So far, the algorithms that we have seen were not very complex; they were rather trivial, and most of our focus was on implementing the API for a particular data structure. In this example, there is no data structure to implement; the algorithm itself generates the decision tree that we would be using for our application.
First, let's take a look at how a table of historical data can be converted into a decision tree. The tree that is formed primarily is made up of decision nodes (which indicate a decision) and leaf nodes (which indicates the final response, such as yes or no). The decision nodes can have two or more subnodes, depending on the dataset. However, the tree has to start from somewhere, right? What would be the root node and how do we get it?
To determine the root node, we will first need to know some basics of Information Theory here:
-
Entropy: Entropy is the measure of uncertainty of a series of inputs—the more uncertain the number of input messages, the more inputs are needed to determine what the message is; for example, if our input series always sends the same message, there is no uncertainty, and thus the entropy is zero. Such an input series is also known as pure. However, if the same series sends n different types of inputs with the same probability, then the entropy becomes high and the receiver needs to ask log2n Boolean questions to determine the message. The average number of bits needed to identify a message is a measure of the sender's entropy.

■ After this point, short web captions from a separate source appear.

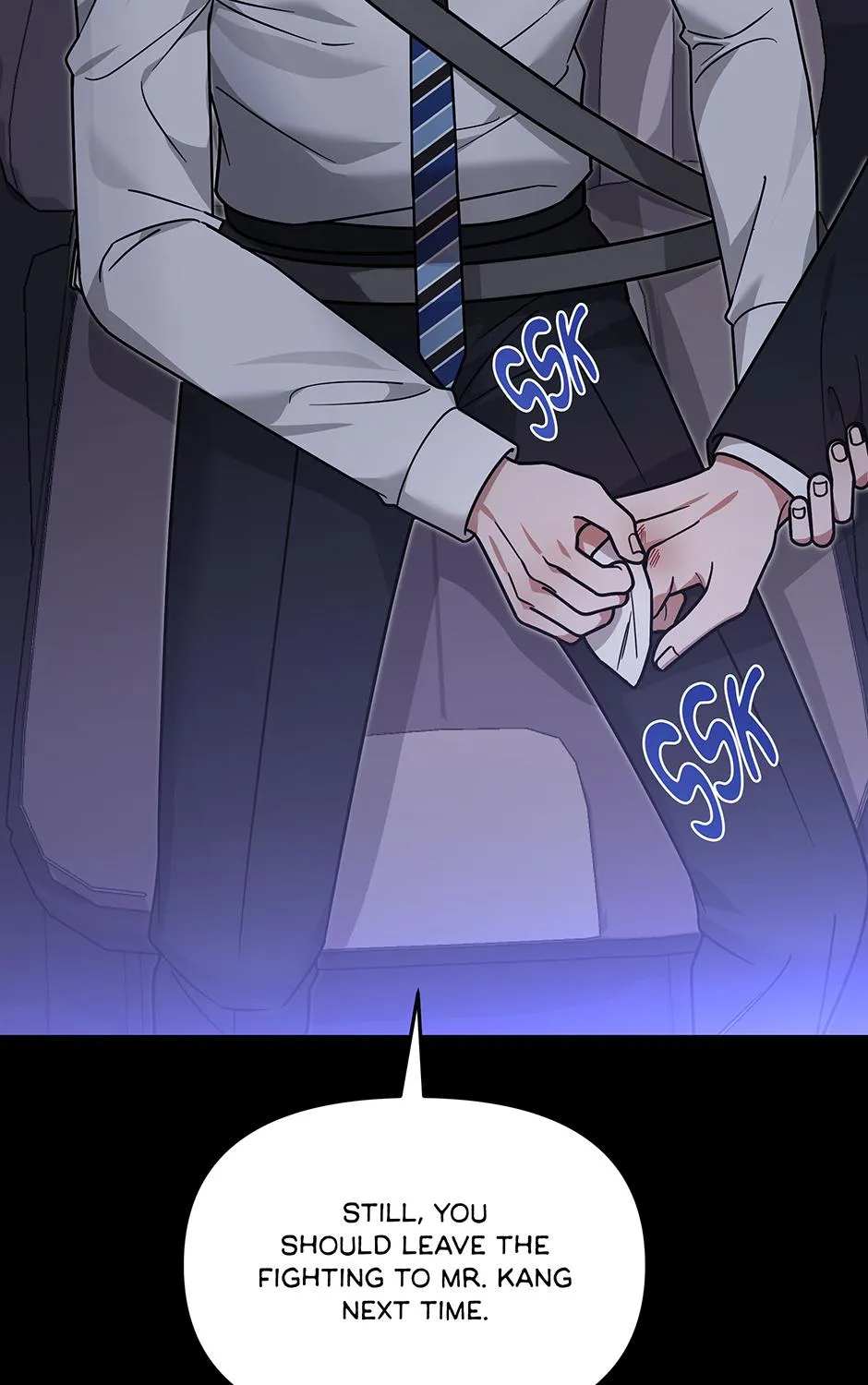 SECRETARY GWANGGONGS SURVIVAL DIARY Chapter 13 page 98 - 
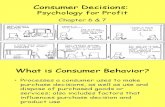 Consumer and Business Behavior Ch. 6&7 Net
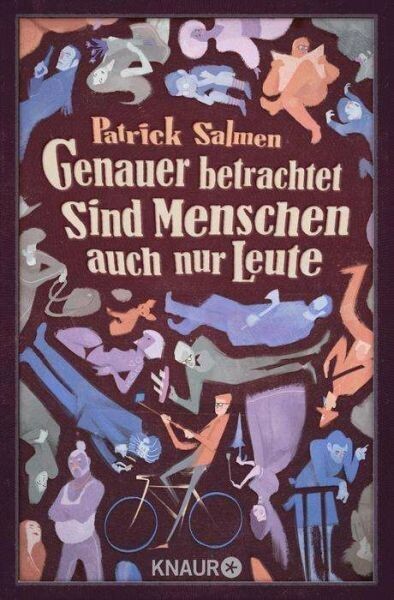 PATRICK SALMEN – genauer betrachtet sind menschen auch nur leute (Papier)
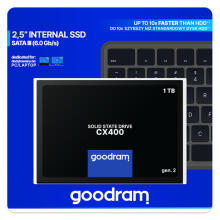 Goodram CX400 gen.2 2.5" 1024GB Serial ATA III 3D TLC NAND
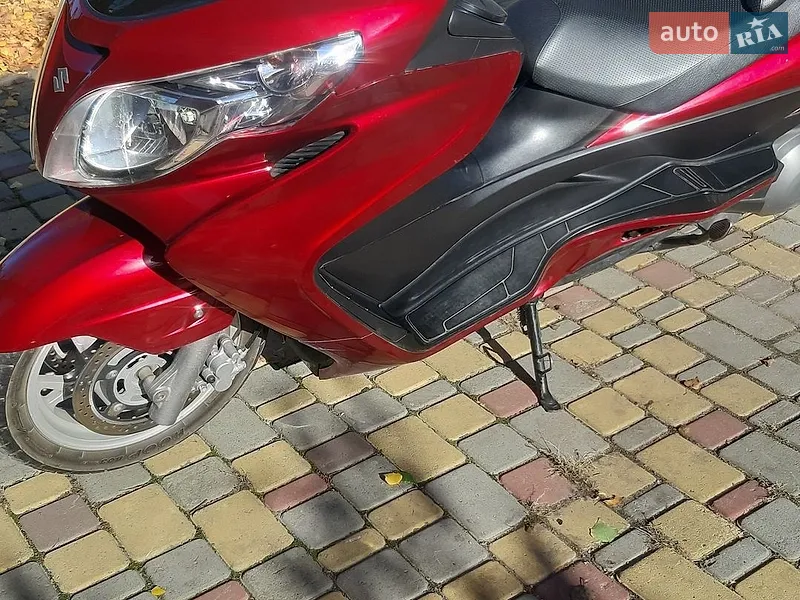 Suzuki Burgman 400 2007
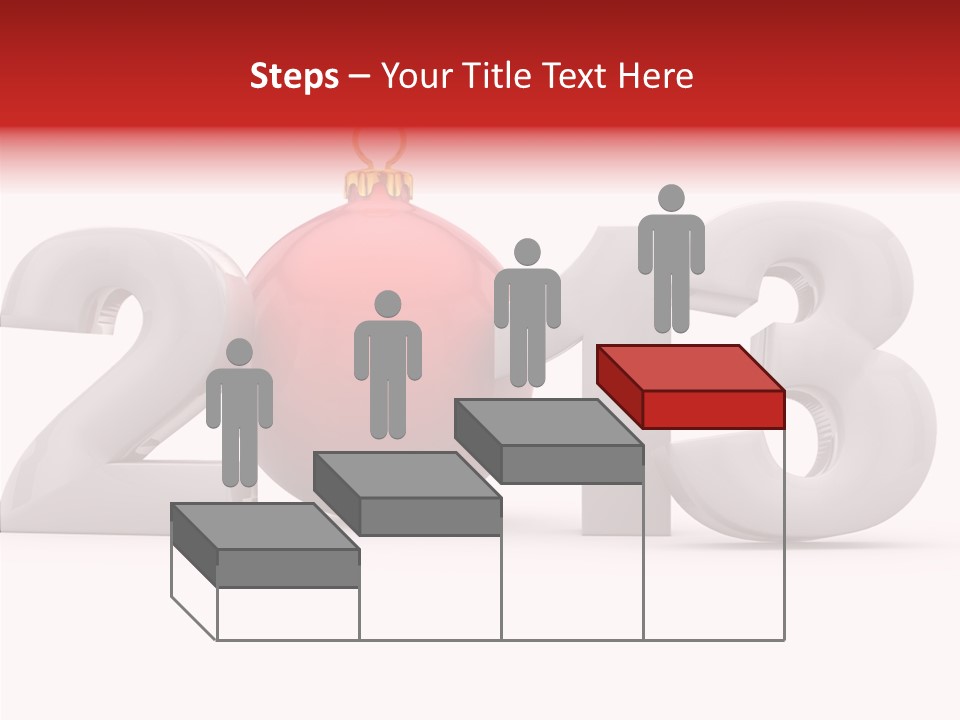 Festive December Party PowerPoint Template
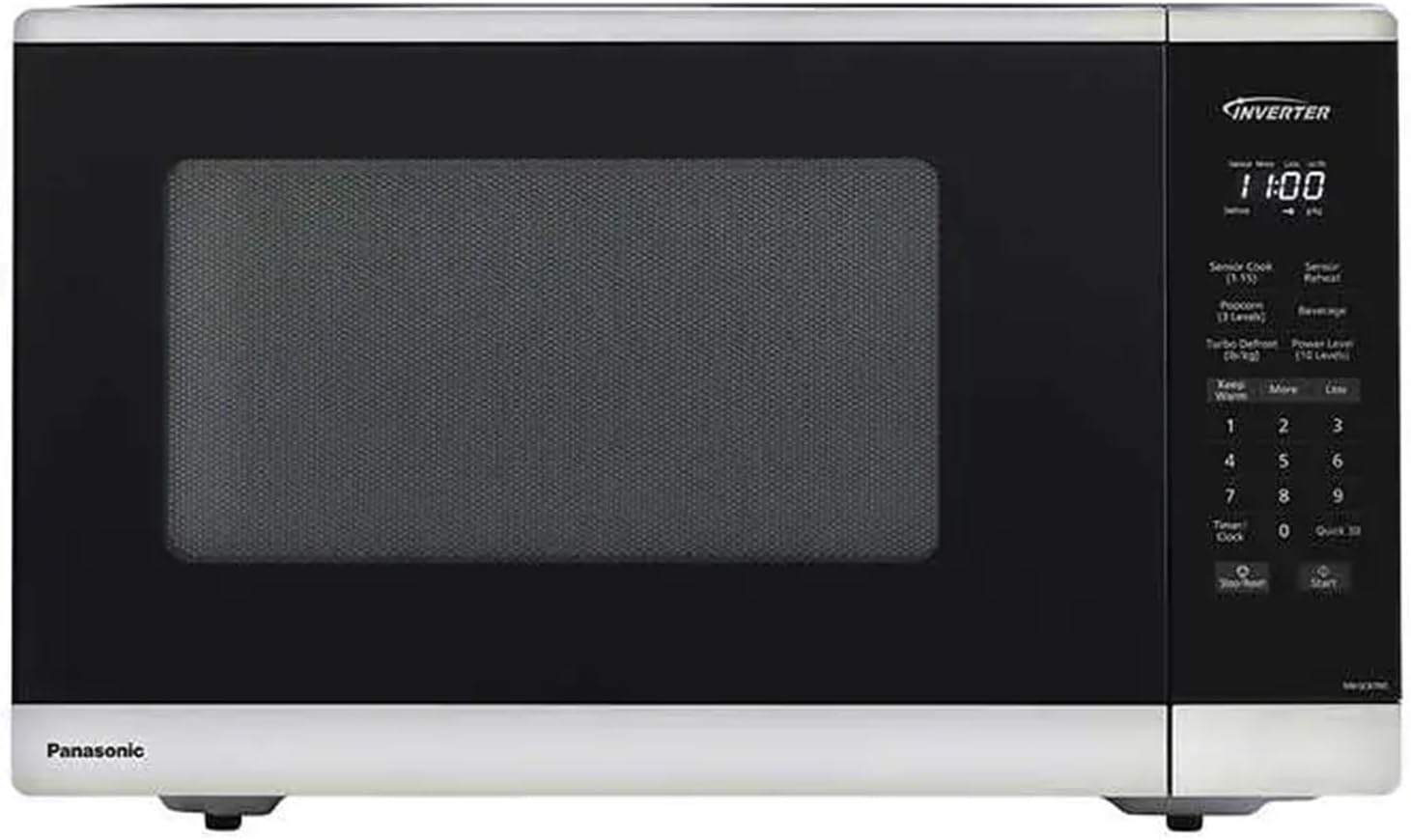 1.3 cu. ft. 1200W Inverter Microwave V6580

- Information gain: To determine the root node, first we will need to split the dataset based on the attributes provided, and then determine the entropy at each attribute, the difference of entropy at each attribute and that of the target determines the information gain or loss of each attribute.
The attribute with the highest information gain becomes the root attribute. Then, we repeat the process for each subtree until we get no entropy. Let's take a look at this with an example and then start off with the code.
For the following example, we will take a simple input and popular dataset to decide whether a game is going to be played or not based on the weather conditions:
Outlook | Temperature | Humidity | Wind | Play Soccer |
Sunny | Hot | High | Weak | No |
Sunny | Hot | High | Strong | No |
Overcast | Hot | High | Weak | Yes |
Rain | Mild | High | Weak | Yes |
Rain | Cool | Normal | Weak | Yes |
Sunny | Cool | Normal | Weak | Yes |
Rain | Mild | Normal | Weak | Yes |
Sunny | Mild | Normal | Strong | Yes |
Overcast | Mild | High | Strong | Yes |
Overcast | Hot | Normal | Weak | Yes |
Rain | Cool | Normal | Strong | No |
Overcast | Cool | Normal | Strong | Yes |
Sunny | Mild | High | Weak | No |
In the preceding example, the target is the Play Soccer attribute. Let's assume that our input source has a capability of sending n messages and the probability of sending each message is Pn , then the entropy of the source is the summation over n of the probabilities E = -pi * log2(pi).